As Android becomes a more sophisticated and less buggy operating system, many new partners and smartphones are sprouting up to support the service. Right now, Android controls about 70% of the international smartphone market, with iOS straggling in second place.
Google is currently trying to integrate all their services into Google Now and offer a much more clean and simple operating system, while still maintaining the level of creativity and customization Android fans love.
Key Lime Pie: devices & date
Key Lime Pie will apparently be the next Android operating system, plugged at 5.0 and coming with a host of new smartphones. Already rumours have the Galaxy S4, Sony Xperia Plus, Nexus 5, X Phone and LG Optimus G2 to have the first over-the-air upgrades.
Not many are certain what Key Lime Pie will bring, early rumours say the homepage will be updated Google Now with notifications and updates, and from there you can check out your applications and widgets. Key Lime Pie may be the first Android operating system to come with the Nexus UI, although many are unsure about this and believe it will only come exclusively on the X Phone.
The Google I/O is likely to be the birthplace of Key Lime Pie, with Google apparently already finished all of the initial development and now it is just polishing, understanding, and stopping problems on the operating system.
Google I/O is an annual event Google host, where they normally show off all of their great new products and services.

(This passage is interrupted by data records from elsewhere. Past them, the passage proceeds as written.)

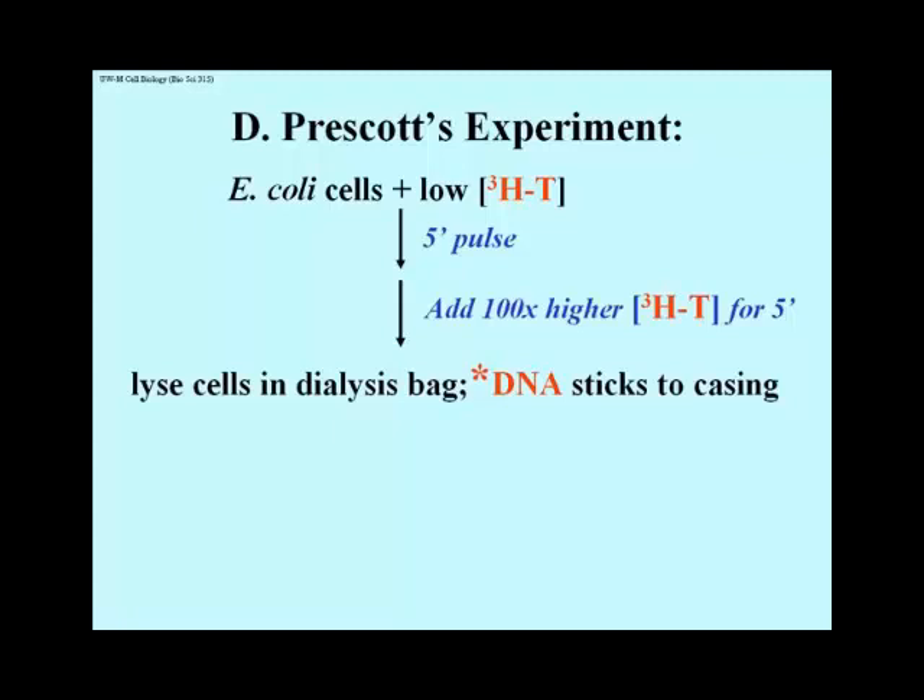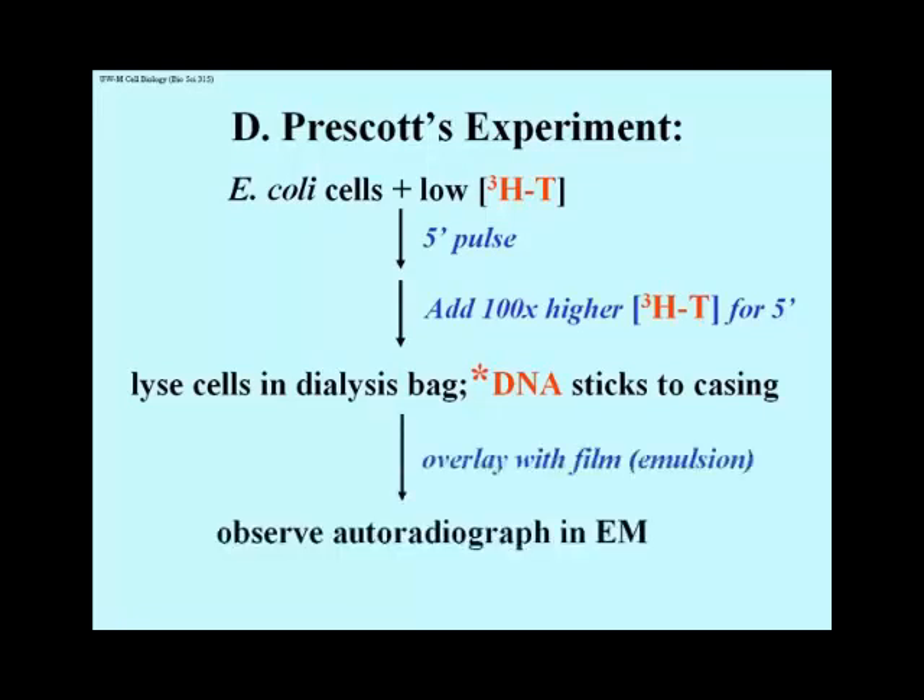The idea was that DNA synthesized in the first short time period would only be mildly or lightly radioactive, and the DNA synthesized during the second time period would be much more heavily radioactive. The dialysis bag, in which the cells were lysed, was emptied and then pieces cut, placed on grids, covered with emulsions, and exposed and developed, and then examined, in the same manner as Cairns did in his experiment.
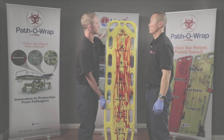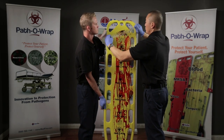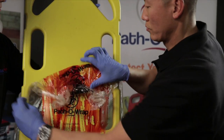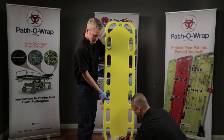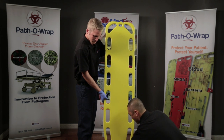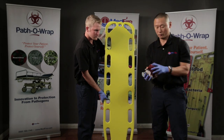Grab and pull an edge of the Pathorap film from the head or the foot of the backboard. Roll the used Pathorap film down and inward, making a ball, thus capturing potentially harmful pathogens at the same time. Once the Pathorap is fully removed after use, place the used wrap in an appropriate medical waste container for disposal.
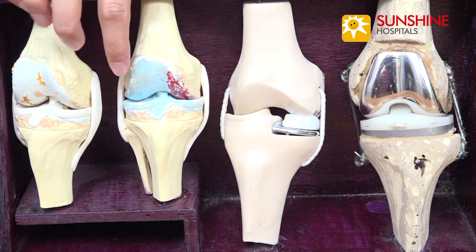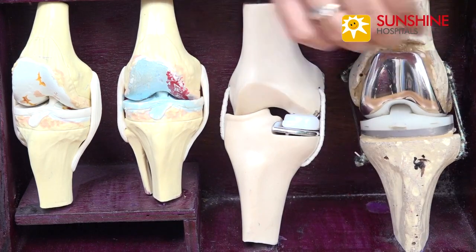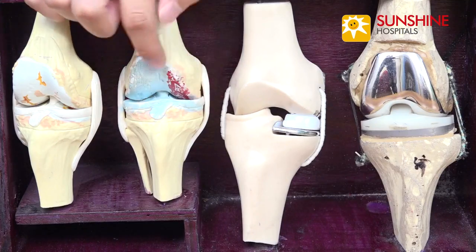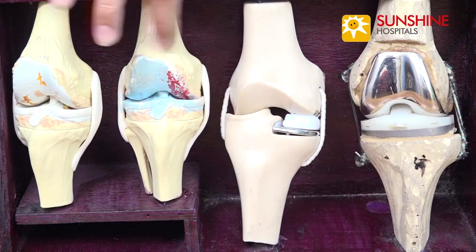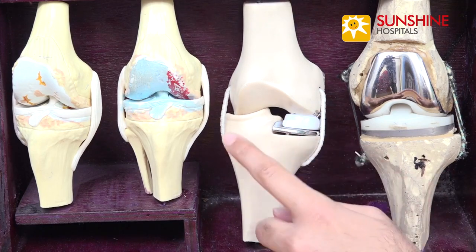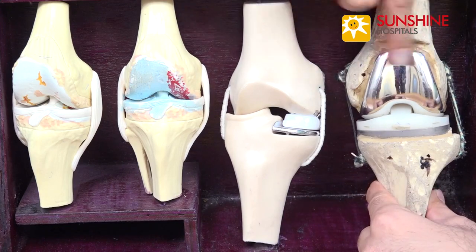For some patients, the wear is only restricted to the medial side of the knee joint. If we go ahead with a total knee replacement, we're cutting off the damaged area as well as the good normal area. Going back to the car analogy — it's like when you have one worn out tire, replacing all four tires just for that one. So in this kind of situation, we perform a partial knee replacement. We are only replacing the medial side which is damaged, and we do not touch the lateral, normal part of the knee joint. This lateral part has been completely left alone, and this is the medial part which was damaged and has been replaced with the implant.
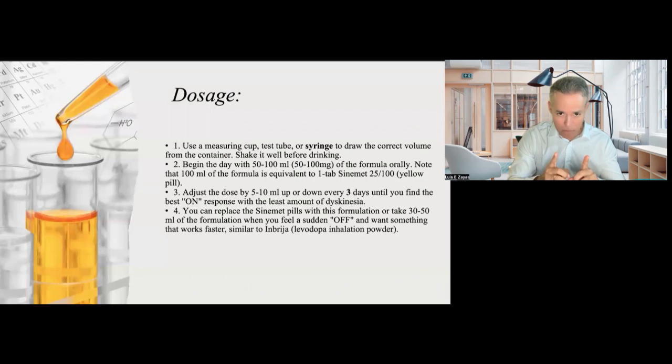The amount is the important part. I always tell patients who are going to use this to start with 50 — 5-0 — CC or ML of the solution. That is equivalent to taking half of the 25/100 yellow carbidopa/levodopa tablet. 50 ml equals 50 milligrams of levodopa. You can adjust the dose every three days by 5 to 10 ml, up or down.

Last year the Nexus 7, Jelly Bean, and some other projects were shown off, the first real look at a Google Glass hangout was shown, 10,000 feet in the air.
This year, the Nexus 5, Nexus 7.7, Nexus 10.1 and Key Lime Pie are reportedly going to be the main features at the event, with another preview of Google Glass before its release sometime at the end of 2013 or start of 2014.
We do not believe the X Phone will make an appearance at the Google I/O, because it is a Motorola Mobility product and it is likely a private press event will be set up to release the smartphone.
In comparison to early reports saying Key Lime Pie would be the first Android operating system that is on a closed platform, with partners having to license the software, we believe Google will keep the OS free and open for another year, before shutting it off and start reaping the benefits.
The excitement for Google I/O is not present yet, as no rumours have come out that have any juice or bite. We suspect when April hits, the floodgates will open for rumours to start pouring in from everyone who is apparently an inside source at Google.
Key Lime Pie is a big step from Android Jelly Bean, originally just a small upgrade from Ice Cream Sandwich. Google were apparently working on this project before they had started Jelly Bean, so it has been in the works for longer than a year and is just finally coming to fruition.